> **DIRECTIONS**: Repeat what the lines below say, word for word, and skip every image.

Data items
================================

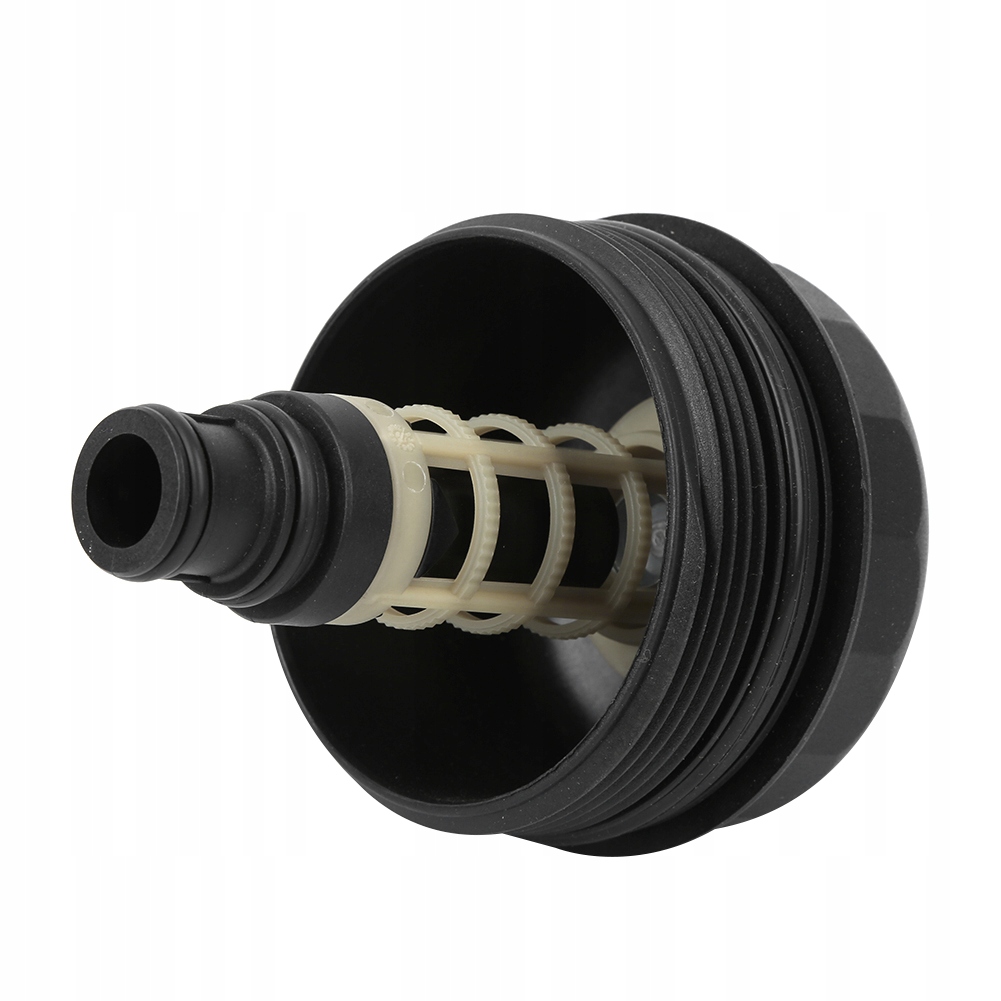 Купити Кришка корпус фільтра оливи 11427508968 pasuje do e81 e87 e88 e82 e91 e46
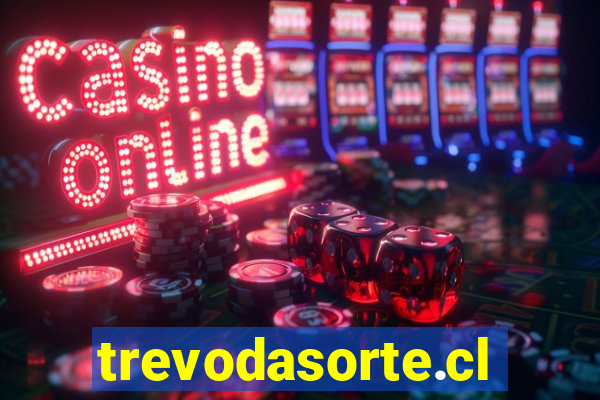 trevodasorte.club
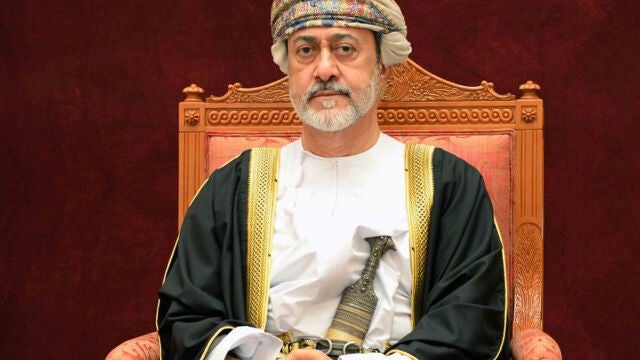 Haitham bin Tariq Al Said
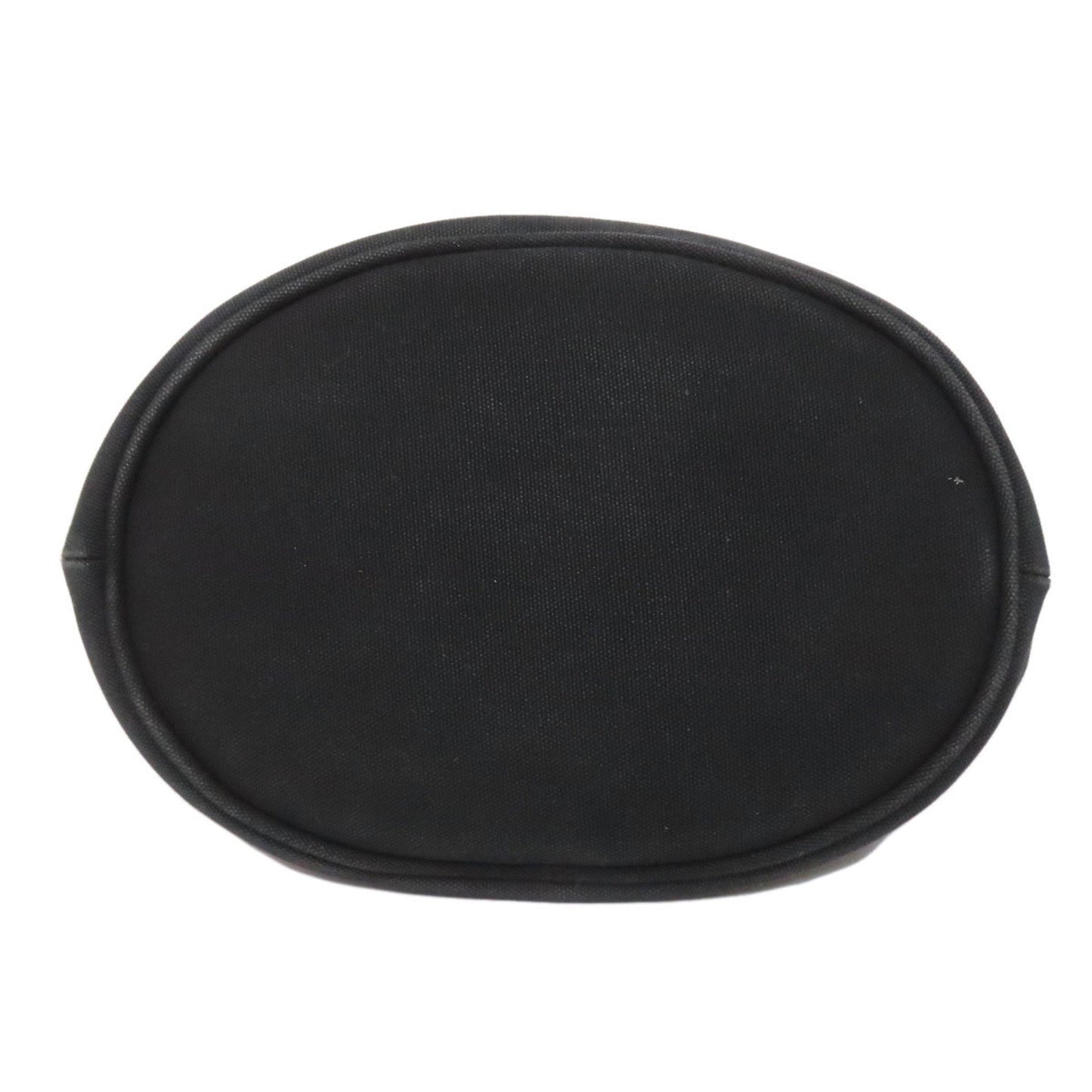 Prada 1Bg163 Canapa Tote Canvas Bag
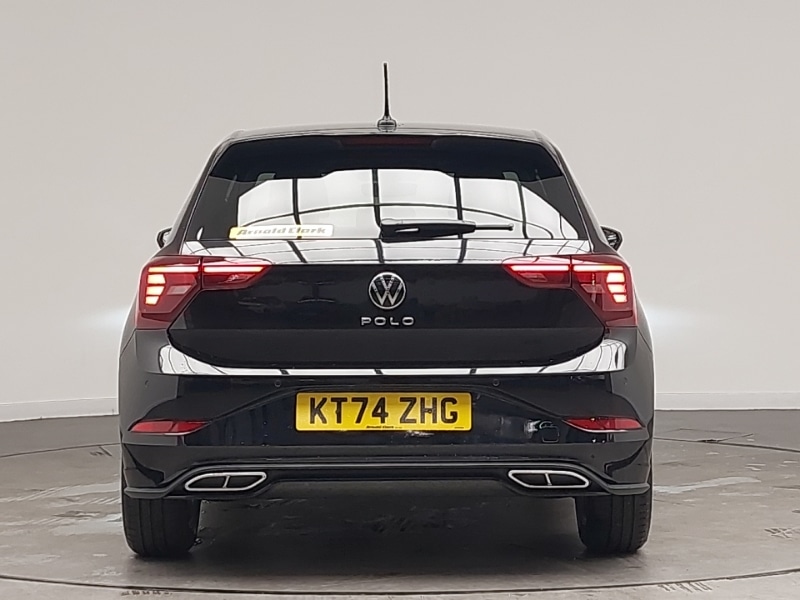 Used Volkswagen Polo 2025 for sale - 77034818: Photo 13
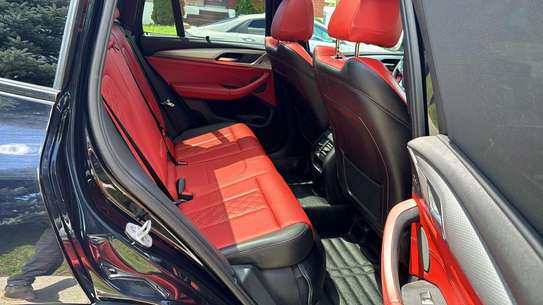 BMW X3 M Package image 13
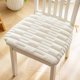 thumbnail image 1 of Cushion Stool Chair Cushion Fart Cushion Thick Cushion Home Office Sedentary Warm Student Dormitory Cushion, 1 of 6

================================

> **OUTPUT FOR THIS TASK**:
 Купити Кришка корпус фільтра оливи 11427508968 pasuje do e81 e87 e88 e82 e91 e46
 trevodasorte.club
 Haitham bin Tariq Al Said
 Prada 1Bg163 Canapa Tote Canvas Bag
 Used Volkswagen Polo 2025 for sale - 77034818: Photo 13
 BMW X3 M Package image 13
 thumbnail image 1 of Cushion Stool Chair Cushion Fart Cushion Thick Cushion Home Office Sedentary Warm Student Dormitory Cushion, 1 of 6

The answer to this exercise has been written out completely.